Rahasia Dibalik Gelar dan Nama
Kuliah umum bersama Kanjeng Gusti Pangeran Haryo Puger
dengan tema “Integrasi nilai-nilai agama, Budaya, dan kebangsaan” ini bertempat
di komplek belakang (alun-alun kidul) dari keraton Surakarta. Kuliah umum
tersebut berlangsung pada tanggal 07 desember 2013 pada pukul 09.00 WIB. Uliah
umum tersebut dipandu langsung oleh salah satu mahasiswa Bahasa dan Sastra
Inggris fakultas Humaniora. Meski terdapat ketidak sesuaian antara waktu
pelaksaaannya dengan yang diagendkan, kami masih mendapat sambutan hangat dari
Kanjeng Gusti Pangeran Haryo Puger.
Diawal perkuliahan umum, Kanjeng Gusti Pangeran Haryo Puger
memperkenalkan diri serta memberikan penjelasan singkat mengenai nama serta
gelar yang Beliau sandang. Seperti para keturunan darah biru lainnya, Kanjeng
Gusti Pangeran Haryo Puger memiliki lebih dari satu nama. Nama kecil Beliau
adalah Gusti Raden Suryo Bandono. Beliau menjelaskan dengan detail
masing-masing kata dati namanya tersebut. ‘Gusti’, gusti disini memiliki arti Bagusi
ati, disini beliau menjelaskan bahwa untuk menjadi putra raja dia harus memiliki
kebaikan hati. ‘Raden’ raden disini memiliki arti sebagai tanda marga.

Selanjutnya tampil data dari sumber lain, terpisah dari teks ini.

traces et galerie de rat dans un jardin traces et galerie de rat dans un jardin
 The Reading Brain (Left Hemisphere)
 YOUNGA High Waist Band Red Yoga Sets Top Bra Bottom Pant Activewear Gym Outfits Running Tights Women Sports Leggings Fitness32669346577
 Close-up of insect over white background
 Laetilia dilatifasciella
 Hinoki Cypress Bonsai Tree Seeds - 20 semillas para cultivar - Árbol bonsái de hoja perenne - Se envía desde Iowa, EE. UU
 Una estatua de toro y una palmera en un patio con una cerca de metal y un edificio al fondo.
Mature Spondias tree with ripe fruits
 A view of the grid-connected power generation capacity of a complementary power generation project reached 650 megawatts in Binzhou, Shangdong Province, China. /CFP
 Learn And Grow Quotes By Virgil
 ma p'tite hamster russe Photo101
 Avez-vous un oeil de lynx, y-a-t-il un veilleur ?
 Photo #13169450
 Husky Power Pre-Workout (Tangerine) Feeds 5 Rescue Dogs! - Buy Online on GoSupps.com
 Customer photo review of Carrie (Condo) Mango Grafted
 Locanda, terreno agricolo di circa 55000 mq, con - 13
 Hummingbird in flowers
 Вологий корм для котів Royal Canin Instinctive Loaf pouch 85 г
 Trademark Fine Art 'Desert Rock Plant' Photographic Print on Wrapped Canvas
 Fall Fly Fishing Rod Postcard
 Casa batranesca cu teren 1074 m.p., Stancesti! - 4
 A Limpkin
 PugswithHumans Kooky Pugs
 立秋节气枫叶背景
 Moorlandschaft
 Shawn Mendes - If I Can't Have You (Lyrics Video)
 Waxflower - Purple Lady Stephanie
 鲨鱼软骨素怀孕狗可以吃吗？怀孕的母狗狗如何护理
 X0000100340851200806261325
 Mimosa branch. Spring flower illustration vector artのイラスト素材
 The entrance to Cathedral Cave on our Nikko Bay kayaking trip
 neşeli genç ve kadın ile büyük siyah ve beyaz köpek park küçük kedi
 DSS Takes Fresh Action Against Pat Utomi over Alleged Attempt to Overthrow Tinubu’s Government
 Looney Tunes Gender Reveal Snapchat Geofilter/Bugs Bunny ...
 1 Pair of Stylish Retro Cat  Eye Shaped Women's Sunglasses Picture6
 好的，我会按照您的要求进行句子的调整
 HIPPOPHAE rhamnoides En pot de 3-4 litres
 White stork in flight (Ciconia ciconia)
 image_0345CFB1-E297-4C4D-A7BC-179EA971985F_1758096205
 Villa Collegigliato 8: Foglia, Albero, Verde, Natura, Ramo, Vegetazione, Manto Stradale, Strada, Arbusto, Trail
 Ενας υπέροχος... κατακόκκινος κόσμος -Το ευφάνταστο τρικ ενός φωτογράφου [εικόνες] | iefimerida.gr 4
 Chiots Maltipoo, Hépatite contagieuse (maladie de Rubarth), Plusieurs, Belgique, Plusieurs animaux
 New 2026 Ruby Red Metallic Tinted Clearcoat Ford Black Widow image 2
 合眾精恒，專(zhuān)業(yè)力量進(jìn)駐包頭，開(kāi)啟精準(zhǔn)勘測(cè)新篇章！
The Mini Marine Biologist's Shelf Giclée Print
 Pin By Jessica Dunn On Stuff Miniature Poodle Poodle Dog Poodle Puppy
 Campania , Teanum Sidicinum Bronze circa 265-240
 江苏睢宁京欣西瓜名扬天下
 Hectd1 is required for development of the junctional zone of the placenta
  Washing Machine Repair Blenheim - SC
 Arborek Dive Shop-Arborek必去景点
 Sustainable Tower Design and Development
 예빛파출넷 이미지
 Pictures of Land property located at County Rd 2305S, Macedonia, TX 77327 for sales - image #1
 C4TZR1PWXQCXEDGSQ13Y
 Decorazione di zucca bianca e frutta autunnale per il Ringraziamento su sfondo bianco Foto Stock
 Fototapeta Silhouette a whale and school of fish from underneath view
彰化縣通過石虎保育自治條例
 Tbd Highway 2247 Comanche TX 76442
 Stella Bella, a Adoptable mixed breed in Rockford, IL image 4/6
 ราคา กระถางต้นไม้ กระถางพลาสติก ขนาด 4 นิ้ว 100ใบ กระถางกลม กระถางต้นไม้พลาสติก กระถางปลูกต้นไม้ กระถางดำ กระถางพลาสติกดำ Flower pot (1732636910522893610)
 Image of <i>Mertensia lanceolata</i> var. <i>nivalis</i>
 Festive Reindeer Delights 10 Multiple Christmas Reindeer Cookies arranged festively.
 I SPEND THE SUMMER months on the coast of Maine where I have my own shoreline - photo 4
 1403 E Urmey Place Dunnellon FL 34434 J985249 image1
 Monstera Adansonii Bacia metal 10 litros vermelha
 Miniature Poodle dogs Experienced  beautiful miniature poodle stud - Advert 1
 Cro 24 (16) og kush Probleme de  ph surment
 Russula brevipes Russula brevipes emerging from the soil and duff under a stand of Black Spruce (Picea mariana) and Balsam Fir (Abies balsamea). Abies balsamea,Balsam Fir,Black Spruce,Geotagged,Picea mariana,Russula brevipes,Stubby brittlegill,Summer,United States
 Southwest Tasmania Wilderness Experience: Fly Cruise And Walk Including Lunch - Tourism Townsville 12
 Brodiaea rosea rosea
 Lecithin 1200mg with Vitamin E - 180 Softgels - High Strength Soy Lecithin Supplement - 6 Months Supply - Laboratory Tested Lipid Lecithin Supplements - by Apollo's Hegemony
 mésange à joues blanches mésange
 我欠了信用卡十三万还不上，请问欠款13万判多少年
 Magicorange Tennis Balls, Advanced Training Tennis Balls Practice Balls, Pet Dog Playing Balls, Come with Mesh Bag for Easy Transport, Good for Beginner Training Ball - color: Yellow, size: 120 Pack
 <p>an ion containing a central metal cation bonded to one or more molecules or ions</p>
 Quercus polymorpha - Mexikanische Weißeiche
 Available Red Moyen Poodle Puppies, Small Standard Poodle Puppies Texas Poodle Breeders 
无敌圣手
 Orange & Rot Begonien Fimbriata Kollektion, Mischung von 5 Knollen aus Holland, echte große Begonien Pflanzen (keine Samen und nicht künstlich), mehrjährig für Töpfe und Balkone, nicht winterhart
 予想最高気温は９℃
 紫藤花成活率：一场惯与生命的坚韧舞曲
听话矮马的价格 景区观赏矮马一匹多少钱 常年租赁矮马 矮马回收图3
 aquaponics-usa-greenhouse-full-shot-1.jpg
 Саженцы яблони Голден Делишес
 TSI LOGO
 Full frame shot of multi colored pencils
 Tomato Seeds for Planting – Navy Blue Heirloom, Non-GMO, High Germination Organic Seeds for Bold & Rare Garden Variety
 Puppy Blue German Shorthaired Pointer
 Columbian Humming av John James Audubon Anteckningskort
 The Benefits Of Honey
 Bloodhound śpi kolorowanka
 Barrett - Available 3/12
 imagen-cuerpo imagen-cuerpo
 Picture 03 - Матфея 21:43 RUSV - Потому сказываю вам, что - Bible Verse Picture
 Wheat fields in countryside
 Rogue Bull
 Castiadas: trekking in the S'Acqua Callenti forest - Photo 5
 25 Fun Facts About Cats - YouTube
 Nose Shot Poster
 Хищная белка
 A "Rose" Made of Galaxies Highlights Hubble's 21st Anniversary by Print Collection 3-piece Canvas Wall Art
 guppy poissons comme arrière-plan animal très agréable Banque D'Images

Gelar
selanjutnya adalah ‘mas, beliau memberi penjelasan bahwa kata mas
disini berarti logam, dalam unsur periodik kimia, mas termasuk dalam logam
mulia. Sehingga kata mas bisa berarti mulia. Suryo, suryo
disini berarti matahari. Beliau menjelaskan nama suryo disini, diharapkan bisa
menjadi penerang, madhangi dalan. Diharapkan ia akan bisa menjadi
penerang bagi sesamanya. Kemudian nama Beliau yang terakhir adalah Bandono,
bandono atau bandana disini berarti pengikat. Dalam pemahaman jawa,
diaharapkan yang menyandang nama tersebut dapat menjadi pengikat. Maka tidak
ada kesenjangan sosial diantaranya. Serta diharapkan agar bisa mengayomi
sesamanya. Selain pemaknaan nama seperti yang telah Beliau jelaskan, Beliau pun
memaknainya bahwa untuk menjadi penerang maka dekatlah dengan yang memiliki
cahaya dari sang surya tersebut.
Nama Gusti Raden Mas Suryo Bandono pun berganti menjadi
Kanjeng Gusti Pangeran Haryo Puger setelah Beliau disunat. Nama beliau pun
memiliki arti yang luas. ‘Kanjeng’ disini adalah gelar untuk orang yang
ditinggikan atau dilebihkan. ‘Gusti’ berarti bagusi ati. ‘Pangeran’ berarti
mneunggu. ‘Haryo’ menunjukkan marga dan ‘puger’ berarti aturan. Beliau
mengartikannya secara umum bahwa untuk menjadi keturunan darah biru, mereka
tidak boleh semena-mena dalam bertindak. Mereka jusrtu memiliki aturan-aturan
yang harus mereka patuhi.
Selain itu Beliau pun menjelaskan tentang arti kata
“bangsawan” dengan bijak. Menurut Beliau kata ‘Bangsawan’ memiliki arti orang
yang mau membantu serta peduli kepada sesamanya. Sehingga untuk menjadi
bangsawan tidak perlu lahir dari keturunan ningrat. Semua bisa menjadi
bangsawan jika mereka mau membantu sesamanya.
B.
Adat Jawa
Adat jawa merupakan suatu kebiasaan yang sifatnya
turun-temurun dari masyarakat terdahulu. Sebagian dari masyarakat Jawa masih
menjalankan tradisi atau adat yang berlaku serta dipelopori oleh masyarakat
jawa. Disisi lain, banyak masyarakat jawa yang berangsur-angsur meningggalkan
kebiasaan moyang mereka. Kebiasaan, adat serta ritual masyarakat Jawa ini
ternyata syarat akan makna dan filosofi. Misalkan saja suatu ritual yang jawa
yang menggunakan ‘ingkung’ sebagai simbol jika mereka akan melakukan
sesuatu kegiatan besar.
Gusti Haryo Puger menjelaskan bahwa ‘ingkung’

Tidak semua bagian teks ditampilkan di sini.